Output all of the records exactly as written.

_ _ _

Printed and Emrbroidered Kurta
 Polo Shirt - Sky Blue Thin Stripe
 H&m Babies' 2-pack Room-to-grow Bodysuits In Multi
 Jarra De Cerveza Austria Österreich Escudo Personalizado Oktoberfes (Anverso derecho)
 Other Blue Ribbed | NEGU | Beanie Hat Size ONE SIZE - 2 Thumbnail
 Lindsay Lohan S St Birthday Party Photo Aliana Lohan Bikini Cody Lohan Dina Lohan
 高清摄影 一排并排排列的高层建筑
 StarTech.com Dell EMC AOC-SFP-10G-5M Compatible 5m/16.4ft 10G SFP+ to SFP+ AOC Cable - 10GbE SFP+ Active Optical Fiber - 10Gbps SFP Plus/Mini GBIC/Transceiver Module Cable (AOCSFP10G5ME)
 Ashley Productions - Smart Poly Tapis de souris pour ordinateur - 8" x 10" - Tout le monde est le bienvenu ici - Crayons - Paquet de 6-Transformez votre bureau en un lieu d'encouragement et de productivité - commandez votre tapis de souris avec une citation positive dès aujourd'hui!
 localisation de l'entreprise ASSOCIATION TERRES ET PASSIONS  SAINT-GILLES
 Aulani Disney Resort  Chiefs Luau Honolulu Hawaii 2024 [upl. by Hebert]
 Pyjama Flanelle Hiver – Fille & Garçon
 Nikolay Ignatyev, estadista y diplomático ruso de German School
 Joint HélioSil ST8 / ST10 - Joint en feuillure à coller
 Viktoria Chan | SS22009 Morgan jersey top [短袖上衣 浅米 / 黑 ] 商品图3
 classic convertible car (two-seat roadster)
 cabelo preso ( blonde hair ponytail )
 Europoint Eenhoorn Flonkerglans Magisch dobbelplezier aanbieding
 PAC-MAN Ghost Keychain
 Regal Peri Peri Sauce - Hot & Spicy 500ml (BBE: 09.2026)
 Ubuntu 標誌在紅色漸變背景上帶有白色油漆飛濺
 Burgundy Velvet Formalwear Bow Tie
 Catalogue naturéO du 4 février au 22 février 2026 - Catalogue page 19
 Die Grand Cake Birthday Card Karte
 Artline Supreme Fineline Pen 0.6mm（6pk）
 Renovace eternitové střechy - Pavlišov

_ _ _

_EXERCISE SOLUTION_.
Printed and Emrbroidered Kurta
 Polo Shirt - Sky Blue Thin Stripe
 H&m Babies' 2-pack Room-to-grow Bodysuits In Multi
 Jarra De Cerveza Austria Österreich Escudo Personalizado Oktoberfes (Anverso derecho)
 Other Blue Ribbed | NEGU | Beanie Hat Size ONE SIZE - 2 Thumbnail
 Lindsay Lohan S St Birthday Party Photo Aliana Lohan Bikini Cody Lohan Dina Lohan
 高清摄影 一排并排排列的高层建筑
 StarTech.com Dell EMC AOC-SFP-10G-5M Compatible 5m/16.4ft 10G SFP+ to SFP+ AOC Cable - 10GbE SFP+ Active Optical Fiber - 10Gbps SFP Plus/Mini GBIC/Transceiver Module Cable (AOCSFP10G5ME)
 Ashley Productions - Smart Poly Tapis de souris pour ordinateur - 8" x 10" - Tout le monde est le bienvenu ici - Crayons - Paquet de 6-Transformez votre bureau en un lieu d'encouragement et de productivité - commandez votre tapis de souris avec une citation positive dès aujourd'hui!
 localisation de l'entreprise ASSOCIATION TERRES ET PASSIONS  SAINT-GILLES
 Aulani Disney Resort  Chiefs Luau Honolulu Hawaii 2024 [upl. by Hebert]
 Pyjama Flanelle Hiver – Fille & Garçon
 Nikolay Ignatyev, estadista y diplomático ruso de German School
 Joint HélioSil ST8 / ST10 - Joint en feuillure à coller
 Viktoria Chan | SS22009 Morgan jersey top [短袖上衣 浅米 / 黑 ] 商品图3
 classic convertible car (two-seat roadster)
 cabelo preso ( blonde hair ponytail )
 Europoint Eenhoorn Flonkerglans Magisch dobbelplezier aanbieding
 PAC-MAN Ghost Keychain
 Regal Peri Peri Sauce - Hot & Spicy 500ml (BBE: 09.2026)
 Ubuntu 標誌在紅色漸變背景上帶有白色油漆飛濺
 Burgundy Velvet Formalwear Bow Tie
 Catalogue naturéO du 4 février au 22 février 2026 - Catalogue page 19
 Die Grand Cake Birthday Card Karte
 Artline Supreme Fineline Pen 0.6mm（6pk）
 Renovace eternitové střechy - Pavlišov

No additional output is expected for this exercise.